Dipeptidyl peptidase-4 (DPP-4) inhibitors may be effective for managing hyperglycemia in certain hospitalized patients, according to a recent study.
Researchers performed a narrative review of research published through January 2020 to examine the available evidence on use of oral antidiabetes agents in the hospital, identifying studies that looked at efficacy and safety profiles. Most recommendations currently favor subcutaneous or IV insulin for glucose lowering in hospitalized patients with diabetes or stress hyperglycemia and advise against oral drugs due to safety concerns, the authors noted. Data on metformin, thiazolidinediones, sulfonylureas, sodium-glucose cotransporter-2 (SGLT-2) inhibitors, and DPP-4 inhibitors were considered. The results were published May 23 by Diabetic Medicine.

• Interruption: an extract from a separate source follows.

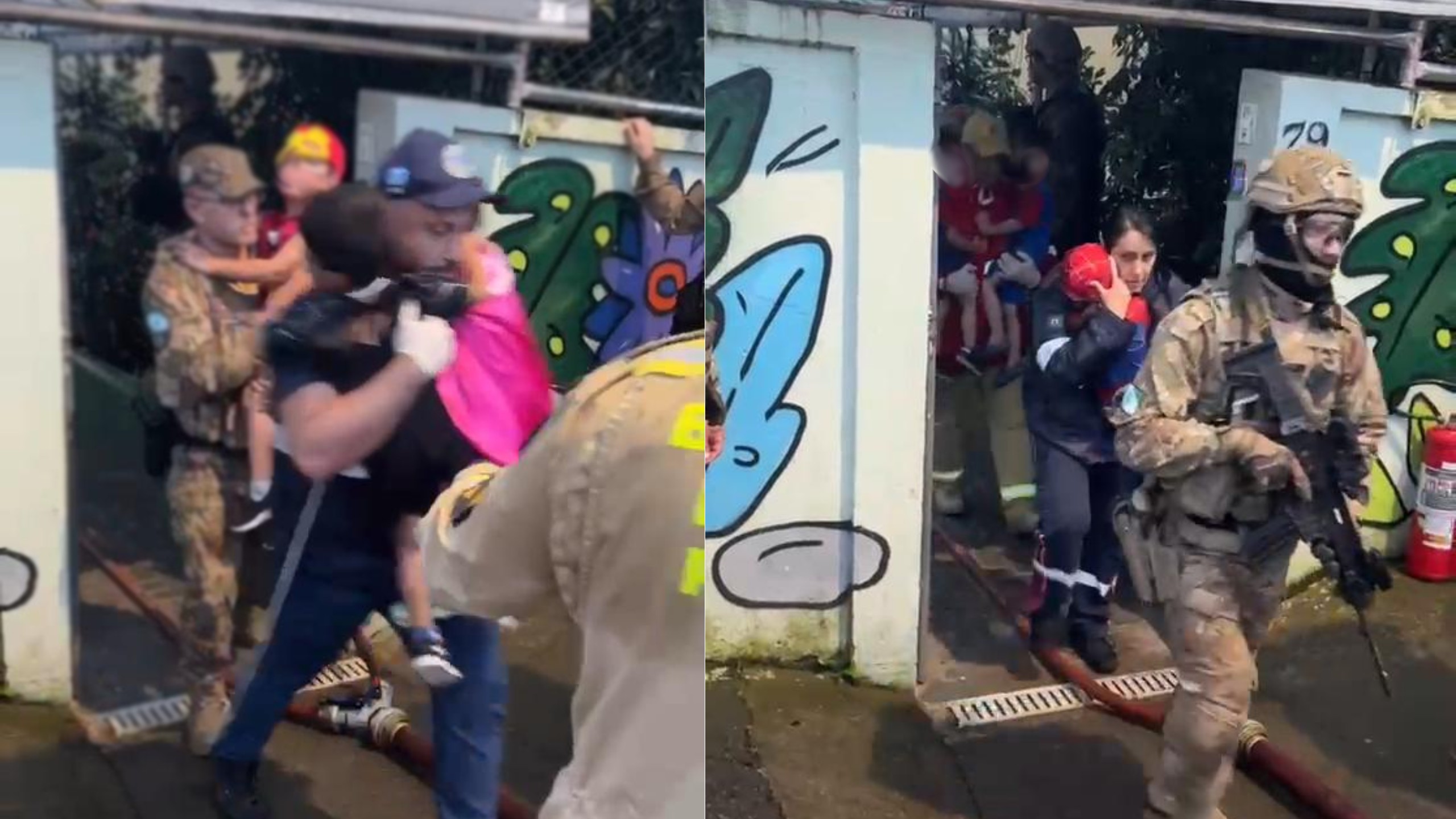 Crianças após resgate em CMEI de Curitiba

Little evidence was available on use of metformin in the hospital setting, probably due to concern about lactic acidosis and other adverse events, the review found. A small study found that inpatients with acute stroke and type 2 diabetes who received thiazolidinediones had improved functional outcomes but did not differ from a placebo group in length of rehab stay or final discharge destination. This drug class can also cause fluid retention, which can destabilize patients with heart failure or chronic kidney disease, the authors said.
Sulfonylureas are strongly linked to risk for severe, prolonged hypoglycemia, especially in patients with renal impairment, which is common in hospital settings, the review noted. In addition, a study found that hypoglycemic events during the night were more common in hospitalized patients who received a sulfonylurea versus insulin, indicating a “significant barrier” to use of these drugs in this setting, the authors wrote. They noted that data on the safety and efficacy of SGLT-2 inhibitors in hospitalized patients are currently lacking.

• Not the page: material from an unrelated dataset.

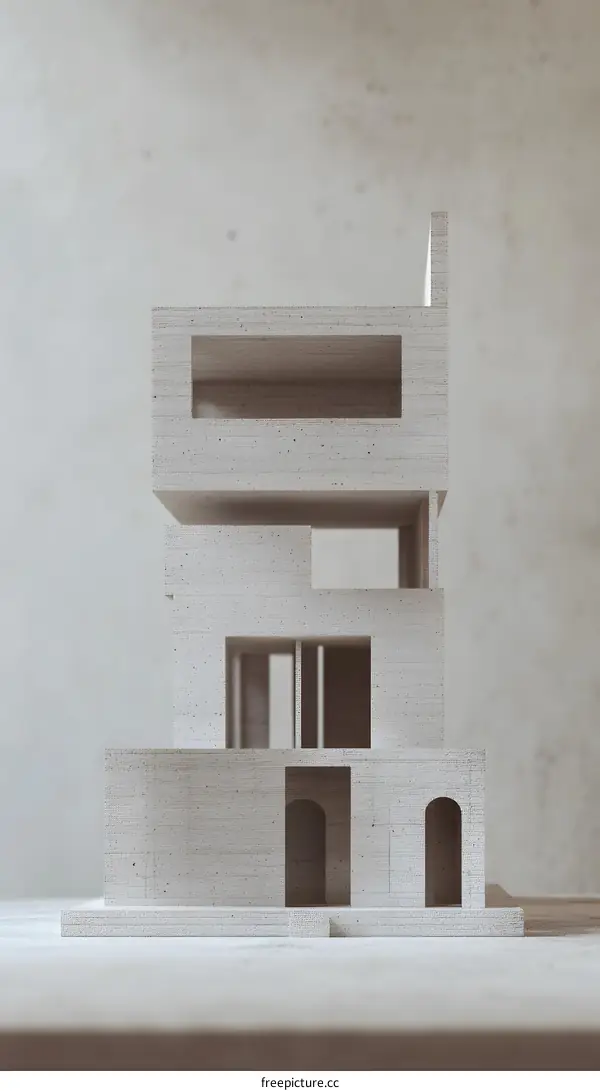 Minimalist Concrete Building Model on White Background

DPP-4 inhibitors, meanwhile, have a good safety and efficacy profile, and a few well-designed randomized controlled trials support their use in hospitalized patients with type 2 diabetes, alone or in combination with basal insulin, the review found. Some studies have indicated a higher risk for pancreatitis with these drugs, so their use in patients with gallbladder disease, for example, should involve careful consideration of risks and benefits, the review said.

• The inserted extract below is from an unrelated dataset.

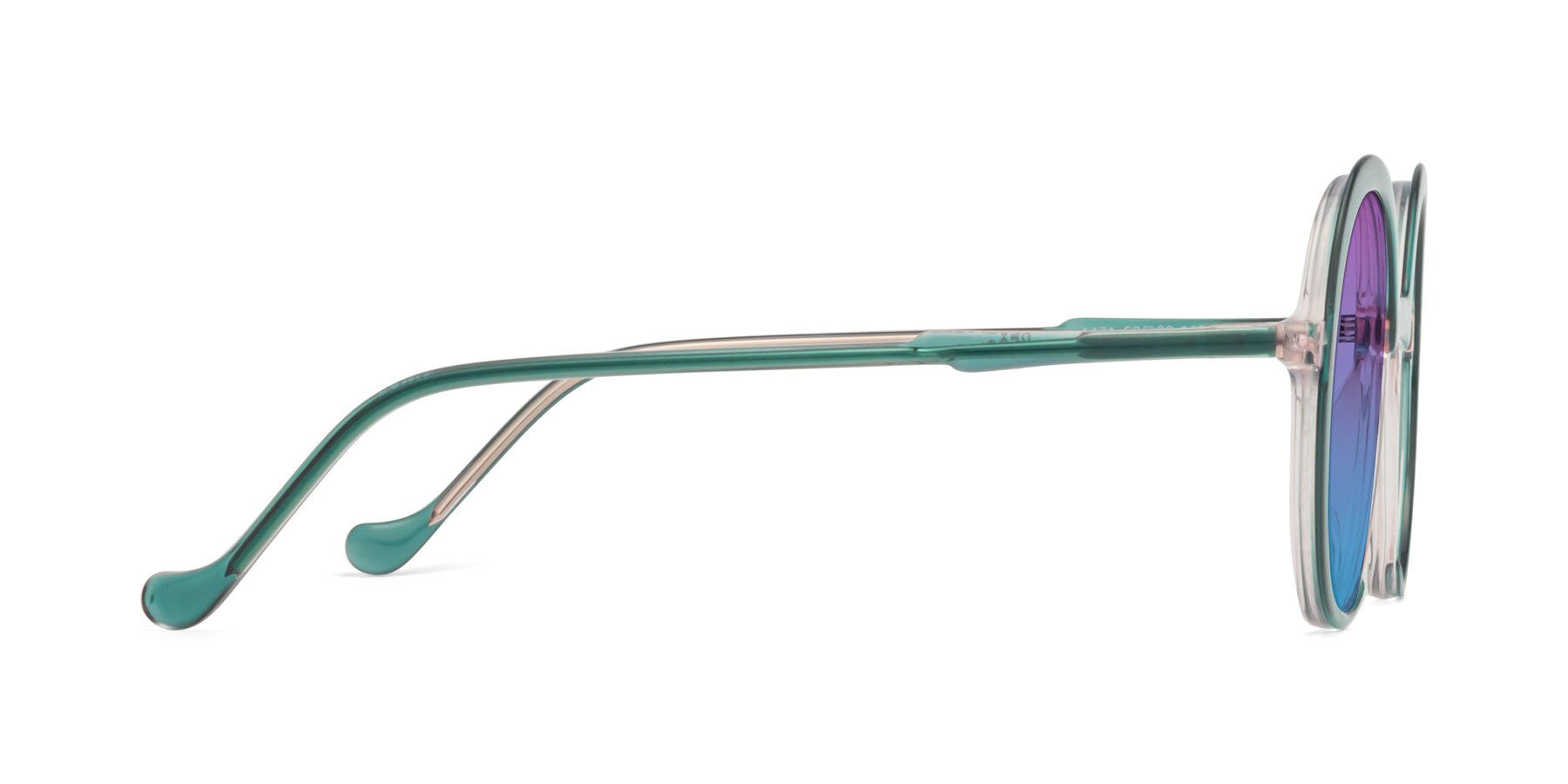 Side of 1471 in Green with Purple / Blue Gradient Lenses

The authors of the review noted that the available studies are limited but concluded that “there is no robust evidence to support the use of metformin, thiazolidinediones, sulfonylureas and [SGLT-2] inhibitors in the hospital setting, although particular aspects of their effects on acute outcomes deserve further evaluation in appropriately designed clinical trials.” Evidence supports the use of DPP-4 inhibitors, however, in certain hospitalized patients with type 2 diabetes, such as those with mild to moderate hyperglycemia and those who are in stable clinical condition, they said. “The challenge for future research in the field,” the authors wrote, “is to clearly define the clinical characteristics of inpatients that make them suitable for treatment with oral agents.”